He decides to use a strategy in which he stakes all his money if he has less than £5, and otherwise stakes just enough to increase his capital to £10 if he wins. For example, he will stake £2 on the first coin toss, and afterwards will have either £6 or £10.
(a) Let £$X_n$ be his capital after the $n$th coin toss. Show how to describe the sequence $\left(X_n, n≥0\right)$ as a Markov chain.
(b) Find the expected number of coin tosses until he either reaches £10 or loses all his money.
(c) Show that he reaches £10 with probability $4/5$.
(d) Show that the probability that he wins the first coin toss, given that he eventually reaches £10, is $5/8$. Extend this to describe the distribution of the whole sequence $X_0, X_1, X_2, …$ conditional on the event that he reaches £10.
(e) Now let $\left(X_n, n ≥ 0\right)$ be a Markov chain on ℕ with $p_{0,0}=1$ and $p_{i, i+1}=p=1-p_{i, i-1}$ for $i ≥ 1$. Let $p>1 / 2$ so that the process has an upward bias. Start at $X_0=j>0$. In lectures we showed that the probability of absorption at 0 is $\left(\frac{1-p}{p}\right)^j$. Describe the distribution of $\left(X_n, n ≥ 0\right)$ conditional on the event of being absorbed at 0 .

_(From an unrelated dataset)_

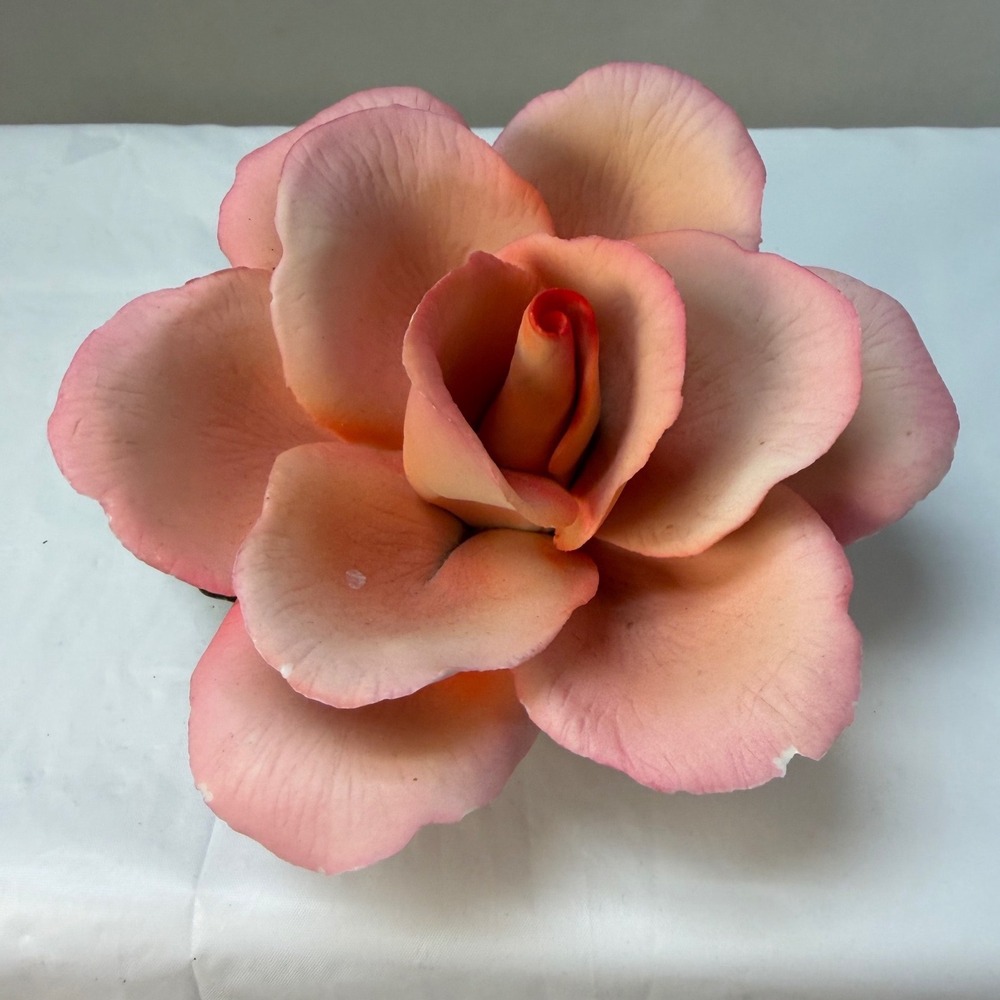 Napoleon Italy Porcelain Rose Figurine Hand Painted Pink Coral Flower Decor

(a) The states are $X_n=2i,i=0,1,⋯,5$.\[P=\begin{pmatrix}1&0&0&0&0&0\\\frac12&0&\frac12&0&0&0\\\frac12&0&0&0&\frac12&0\\0&\frac12&0&0&0&\frac12\\0&0&0&\frac12&0&\frac12\\0&0&0&0&0&1\end{pmatrix}\]
By Chapman-Kolmogorov equations, $ℙ(X_n=2i)=(P^n)_{4,i}$
(b) Let $e_i$ be the expected time if initial capital is $i$. Solving the linear equations\begin{cases}e_2=1+\frac12e_4\\e_4=1+\frac12e_8\\e_6=1+\frac12e_2\\e_8=1+\frac12e_6\end{cases}we get $e_2=e_4=e_6=e_8=2$, so $e_8=2$ is the answer.
Alternate solution: there is 1/2 chance of finishing game per turn (either hit 0 or 10)$⇒e_2,e_4,e_6,e_8∼$Geom(1/2)$⇒𝔼[e_i]=\frac1{1-1/2}=2$
(c) Let $h_i$ be the hitting probability of 10 from $i$. Solving the linear equations
\begin{cases}h_0=0\\h_2=\frac12h_0+\frac12h_4\\h_4=\frac12h_0+\frac12h_8\\h_6=\frac12h_2+\frac12h_{10}\\h_8=\frac12h_6+\frac12h_{10}\\h_{10}=1\end{cases}
we get $h_i=\frac{i}{10}$. So $h_8=\frac45$.
(d) Define events: $A=${wins the first coin toss}, $B=${eventually reaches £10}. By (c), $ℙ(B)=\frac45$. Since $A⊂B$,\[ℙ(A∣B)=\frac{ℙ(A)}{ℙ(B)}=\frac{1/2}{4/5}=\frac58\]Extend this to describe distribution of $X_n$:
\[\tilde p_{ij}=\frac{ℙ(X_1=j\&B∣X_0=i)}{h_i}=\frac{ℙ(X_1=j∣X_0=i)ℙ(B∣X_1=j)}{h_i}=\frac{p_{ij}h_j}{h_i}\]
(e) To find the hitting probability $h_i$ of 0 from $i$, we need the minimal non-negative solution to
\begin{aligned}
h_0 &=1 \\
h_i &=p h_{i+1}+q h_{i-1} \text { for } i≥1 .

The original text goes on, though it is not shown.